Oskar Voxlauer ist als sehr junger Mann Soldat im Ersten Weltkrieg gewesen. Dann hat es ihn nach Rußland verschlagen, wo er eine Frau hatte, die an den Folgen der Säuberungsaktionen gestorben ist. 1938 kehrt er zurück in sein Österreichisches Heimatdorf und ist natürlich nicht mehr der, der er war. Aber auch das Dorf hat sich verändert und der Nationalsozialismus hält Einzug.
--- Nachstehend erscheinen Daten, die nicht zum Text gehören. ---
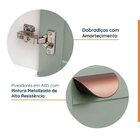 Balcão 2 Portas 60cm Sem Tampo Arizona Cabecasa Madeiraorigin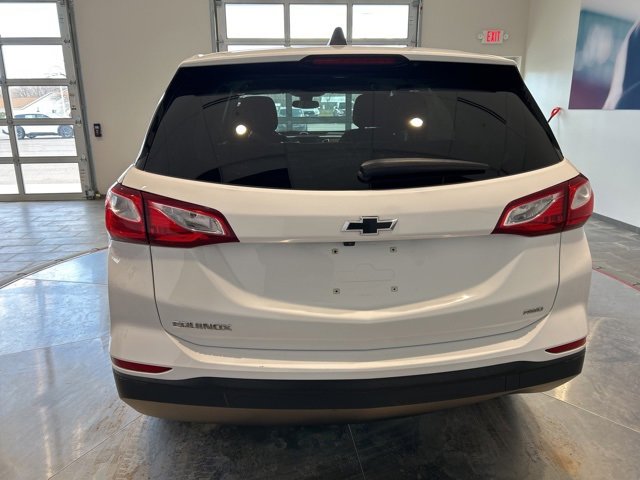 Used 2021 Chevrolet Equinox LS w/ LS Convenience Package image 7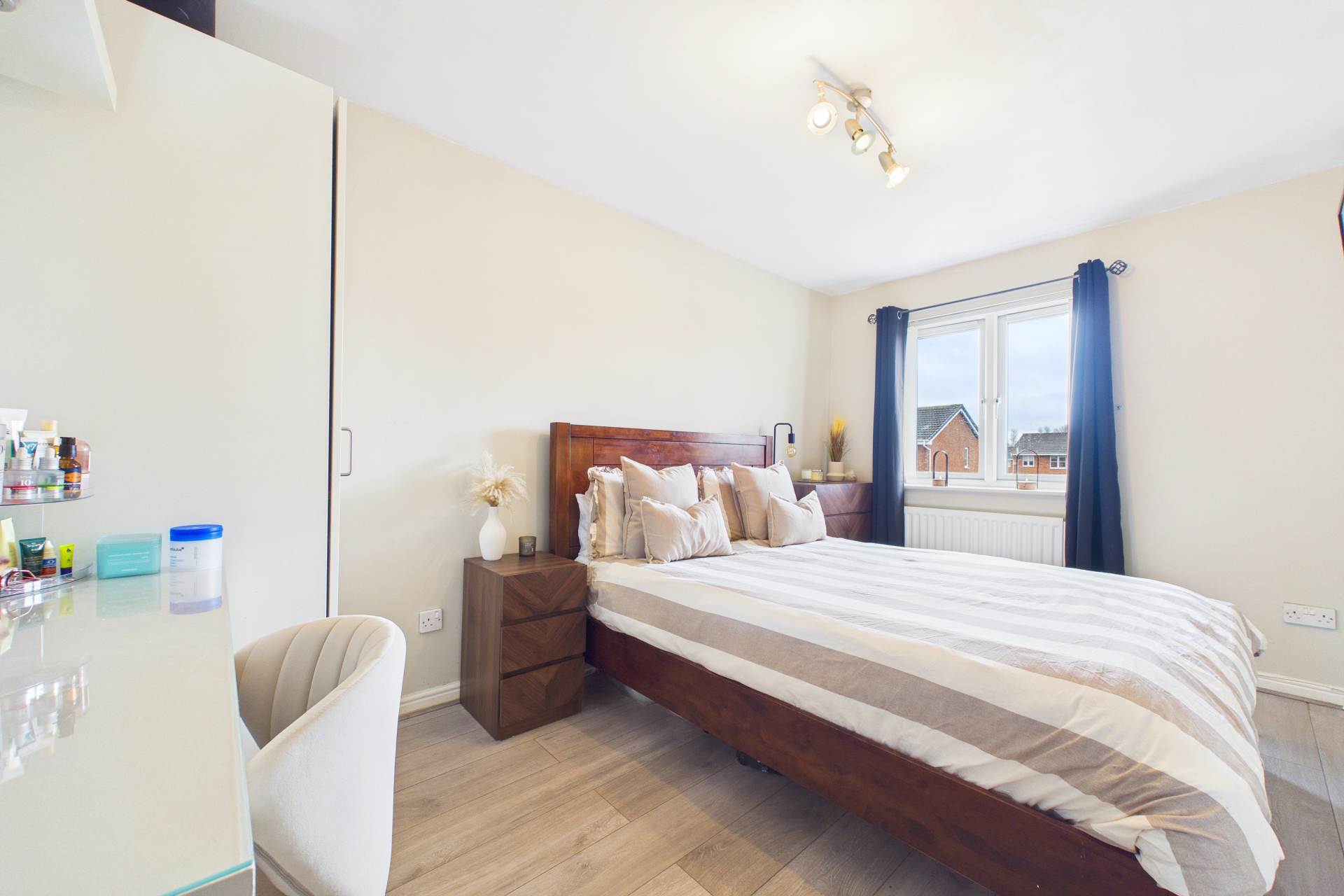 Berryhill Crescent, Netherton, Wishaw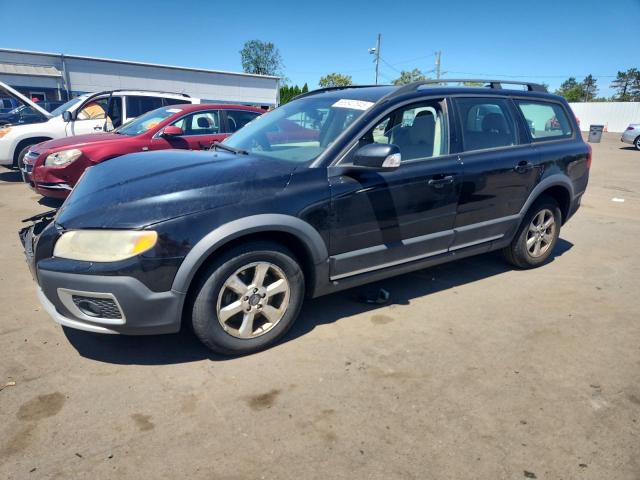  Salvage Volvo XC70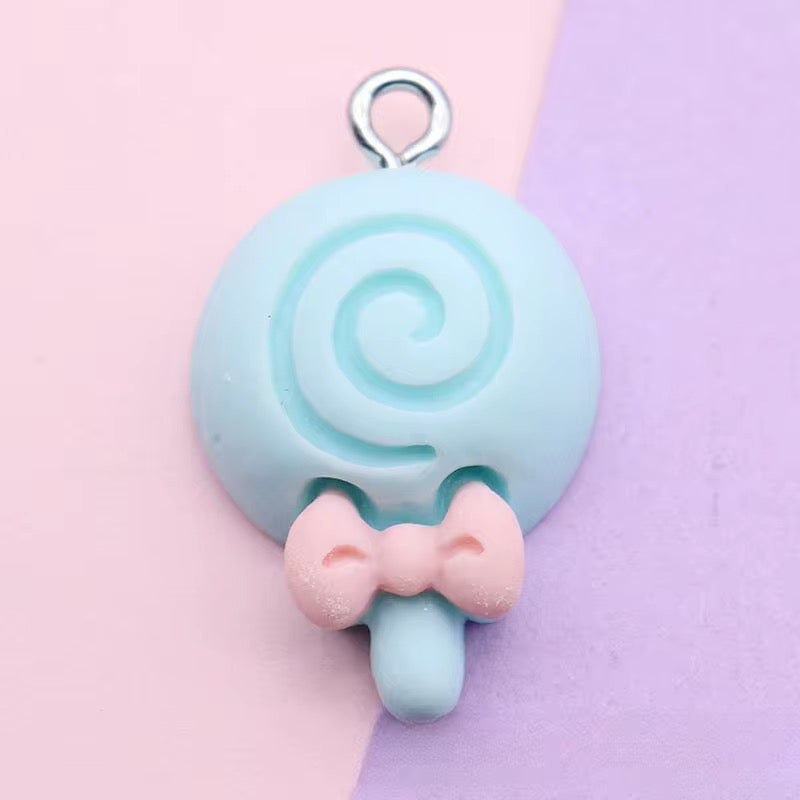 Mini Lollipop Charm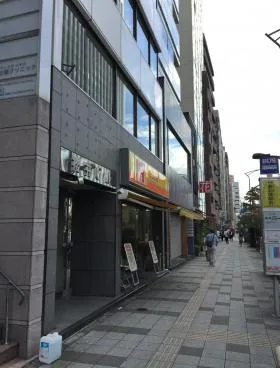 櫻井ビルの外観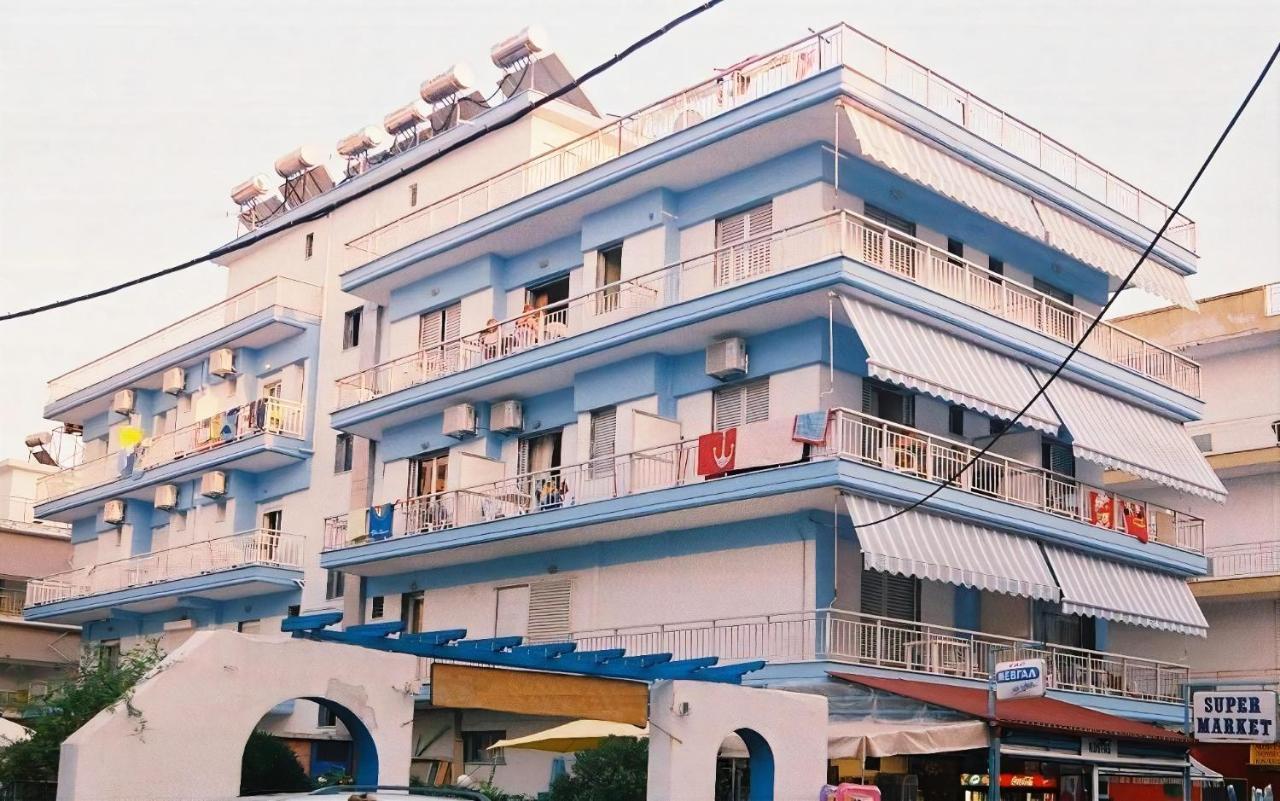 Villa Hariklia Paralia Katerinis Exterior photo
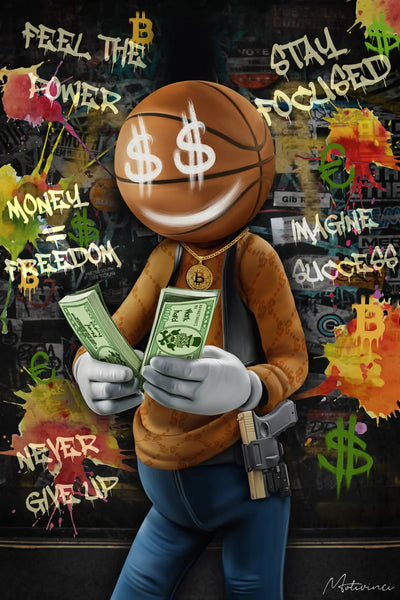 Money Ball Limited Edition - Motivinci
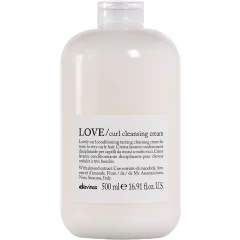 Очищающая пенка для усиления завитка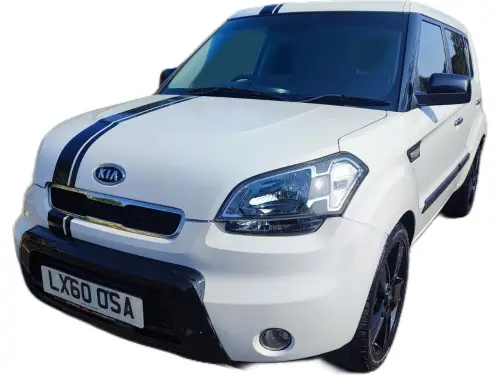 Kia Soul LX60 OSA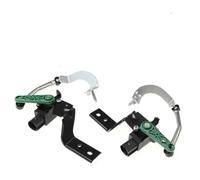 Capteur hauteur caisse Compatible Avec Vw Pour Passat B8 2014 2015 2016 2017 2018 Capteur De Niveau De Phare Avant Droit/gauche 5Q0412521C 5Q0412522C 2 Pièces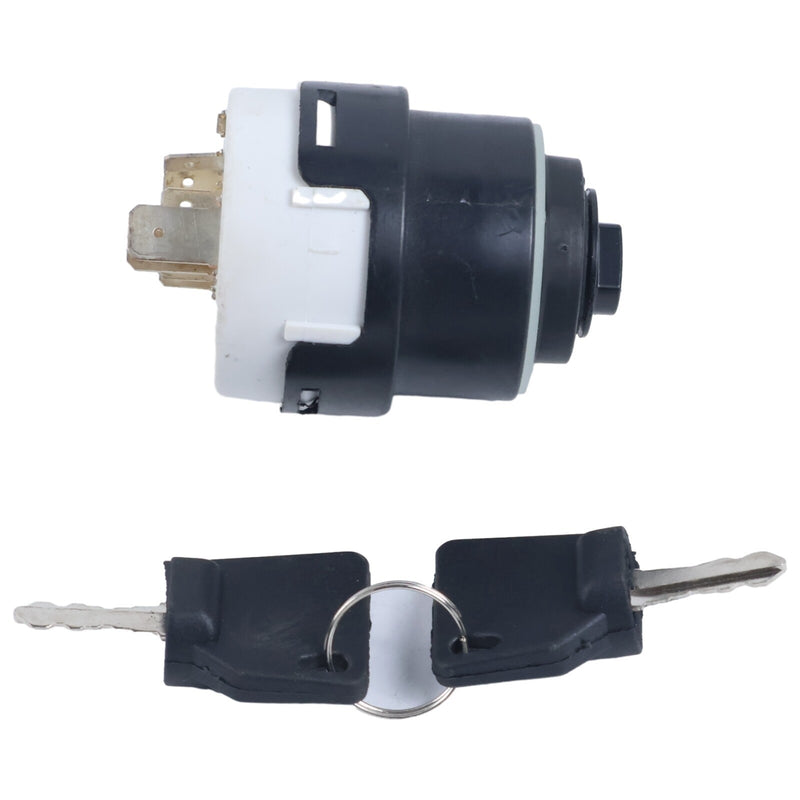 DURAFORCE Ignition Switch 7 Pins 87431469 for New Holland B95LR B115 LB75B LB90B B110 U80B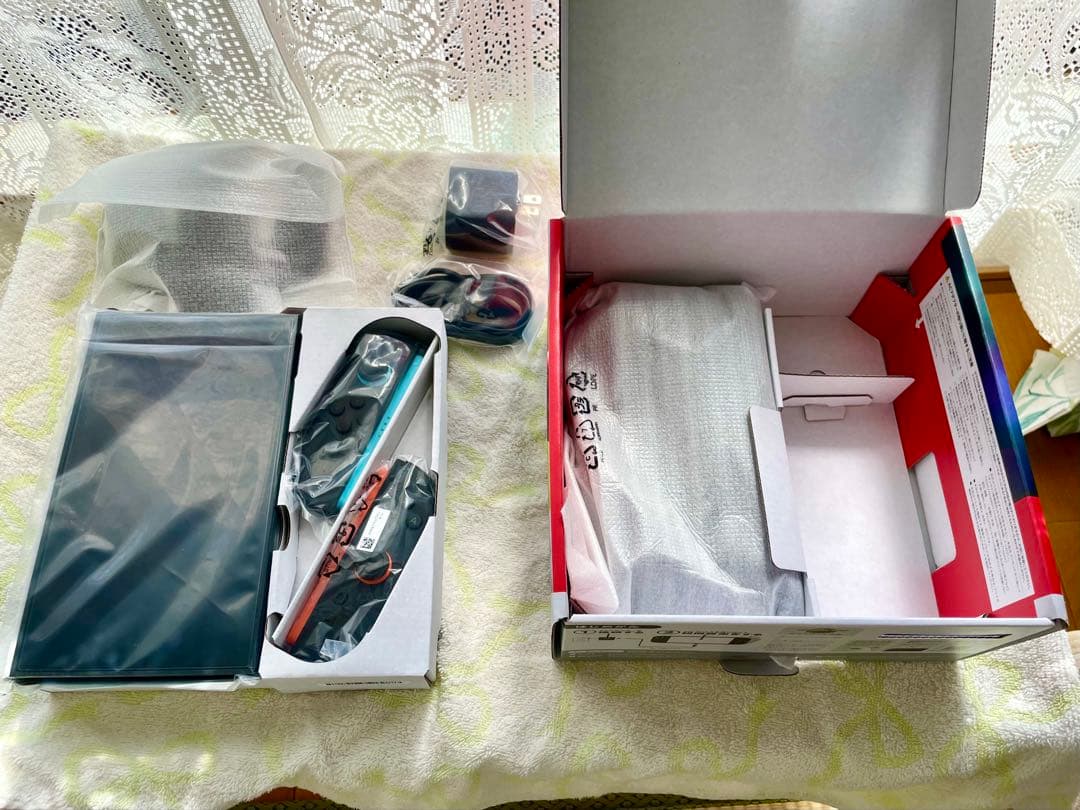 Nintendo Switch 2 本体ソフト5本セット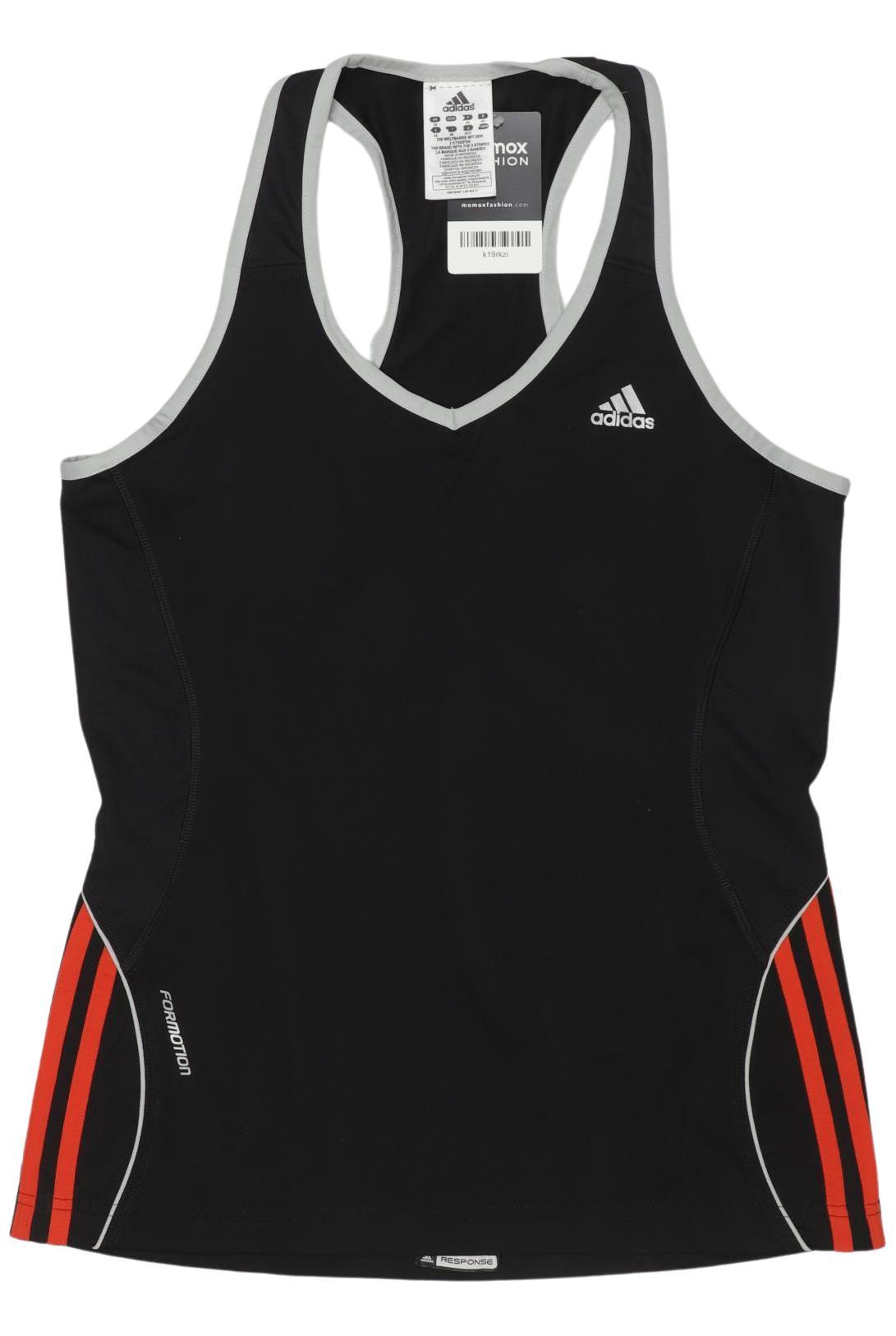 

adidas Damen Top, schwarz, Gr. 42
Bei dem Buch habe ich ständig geschwankt zwischen „wie genial“ und „ja aber“. Fasziniert hat mich zunächst einmal die Tatsache, dass überhaupt jemand ein Buch über ein Bergdorf in Österreich zur Zeit des Anschlusses an das Reich schreibt. Auch dort hat der Nationalsozialismus Einzug gehalten, auch dort kommen bestimmte Menschentypen an die Macht und andere leiden darunter.

Voxlauer will über seine Zeit in Rußland nicht reden und hat dafür gute Gründe. Die werden im Buch auch nach und nach beschrieben. Das ist mit den Rückblenden der geniale Teil des Buches, der an Hemingway oder Remarque erinnert. Oskar zieht nicht verständlicherweise von den Menschen zurück, ist nicht mehr der leicht zu gängelnde Teenager, den sie alle kannten. Er lernt eine Frau kennen und lieben und hier wird es verwirrend. John Wray überläßt so viel dem Urteil und der Fantasy des Lesers, dass es manchmal unverständlich wird. Voxlauers Handlungen und Motive werden unklar, auch die deutliche Beschreibung alter Traumata ändert nichts daran, dass man mit diesem Protagonisten einfach nicht mehr warm wird. Dazu kommt, das schon recht viele Klischees über die Zeit abgearbeitet werden. Kommunisten, Juden, SS-Leute und Anverwandschaft, all das bleibt papieren und trifft nicht ins Herz des Lesers. Schade eigentlich.

Das Ende kommt unvermittelt und irgendwie unfertig. Insgesamt bin ich froh, das Buch gelesen zu haben, eben wegen der Thematik, fand es aber nicht überzeugend.

John Wray: Die rechte Hand des Schlafes.
rororo, November 2017.
384 Seiten, Taschenbuch, 10,99 Euro.

Diese Rezension wurde verfasst von Regina Lindemann.